Sunday, March 10, 2024

Headphone Equalization For The Spatializer

As I have mostly finished my lengthy experiments with different approaches to stereo spatialization and finally settled up on the processing chain described in this post, I could pour my attention into researching the right tuning for the headphones. Initially I was relying on the headphone manufacturers to do the right thing. What I was hoping for, is that I could take headphones properly tuned to either "free field" or "diffuse field" target, and apply just some minor corrections in my chain. You can read about my attempts to implement "free to diffuse" and "diffuse to free field" transforms applied to the Mid/Side representation of a stereo track.

Why Factory Headphone Tuning Can't Be Used

However, since in the last version of my spatializer I actually came closer to simulating a dummy head recording, I realized that using any factory equalization of any headphones simply does not work—it always produces an incorrect timbre. The reason is that my spatializer simulates speakers and the room, as well as torso reflections, and even some aspects of the pinna filtering—by applying different EQ to "front" (correlated) and "back" (anti-correlated) components of a stereo recording. "3D audio" spatializers (they are also called "binaural synthesis systems") that use real HRTFs come even closer to simulating a dummy head recording. That means, if you play the spatialized audio over headphones with their original, say, "free field target" tuning, you will apply similar human body-related filtering twice: once by the headphones themselves, and then also by the spatializer.

At some point I used to think that using headphones calibrated to the diffuse field target is fine, because they are "neutral" (do not favor any particular direction), but this assumption is also false. That's because diffuse field equalization is an average over HRTFs for all directions—thus it's still based on the human body-related filter. This is why more advanced "3D sound" renderers have a setting where you specify the headphones being used—by knowing that, they can reverse the factory tuning. I also experimented with AirPods Pro and confirmed that they change their tuning when switching between "stereo" and "spatialized" modes.

By the way, in the reasoning above I use dummy head recordings and synthetic "3D audio" spatializatoin interchangeably, but is it conceptually the same thing if we view it from the listening aspect? I think so. Dummy head recordings are taken using a real person, or a head and torso simulator (HATS) with microphones mounted at the ear canal entrances. Sometimes it's not a complete HATS, but just a pair of ears placed at the distance similar to the diameter of a human head. In any case, the microphones placed into these ears block the ear canal (in the case of HATS the canal might not even exist). Now, if we turn our attention to HRTF-based 3D audio rendering, HRTFs are also typically measured with mics placed at the blocked ear canals of a person (see the book "Head-Related Transfer Function and Acoustic Virtual Reality" by K. Iida as an example). So basically, a dummy head recording captures some real venue (or maybe a recording playing over speakers in a room), while a "3D audio" system renders a similar experience from "dry" audio sources by applying HRTF filters and room reverb IRs to them.
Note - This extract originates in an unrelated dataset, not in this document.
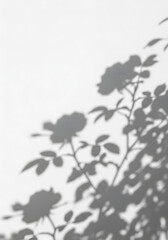 Naklejka premium Shadowed Rose Illustration On White Background Abstract Floral Art Design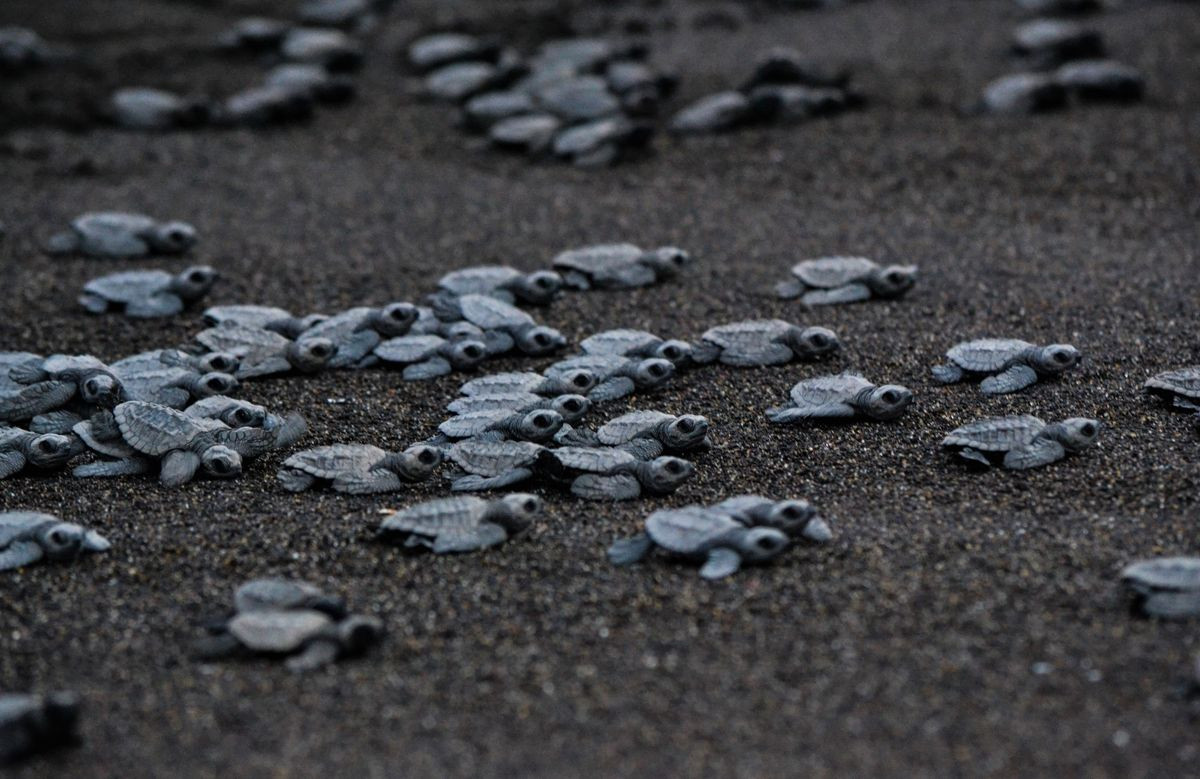  8. Tortugario Monterrico. Nằm dọc theo bờ biển Thái Bình Dương của Guatemala, Tortugario Monterrico là địa điểm làm tổ quan trọng của rùa biển ôliu, rùa luýt và rùa biển xanh. Du khách có thể xem rùa được thả về tự nhiên vào lúc bình minh hoặc hoàng hôn từ tháng 9 đến tháng 1.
It's actually a useful insight because it means that we can use the same equalization of headphones for all of these: dummy head recordings, "realistic" spatializers, and my stereo spatializer. Essentially, I can decouple the tuning of my spatializer from the tuning of the headphones, and validate the latter using other spatial audio sources. And I am also able to compare these different sources directly, switching between them instantly, which provides ideal conditions for doing A/B or blind comparisons.
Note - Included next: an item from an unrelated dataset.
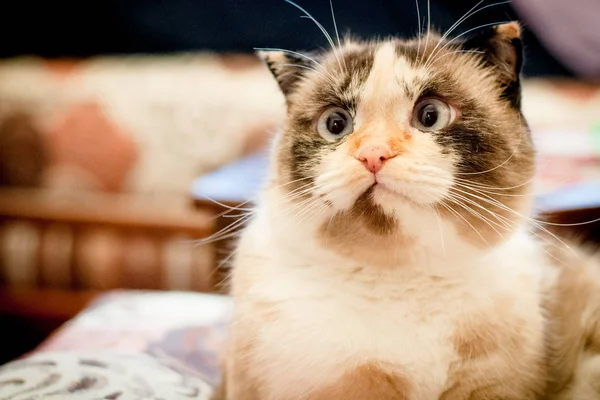 Chat race de lop-oreilles gros plan — Photo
Hear-Through Transfer Function

The problem is, finding correct equalization for playing any of the spatial audio sources over headphones is actually a bit tricky. As I've mentioned above, first we need to "erase" the factory tuning of the headphones, and then re-calibrate them. But to what target? If we think about it, it must be a transfer function from an entrance of a blocked ear canal to the eardrum. This actually sounds like a familiar problem. For example, if we consider AirPods Pro, by their design they isolate the user from outside noises, however one can enable the "transparency" mode which adds the outer world back in. In the audio engineering industry this is also known as the "hear-through" function.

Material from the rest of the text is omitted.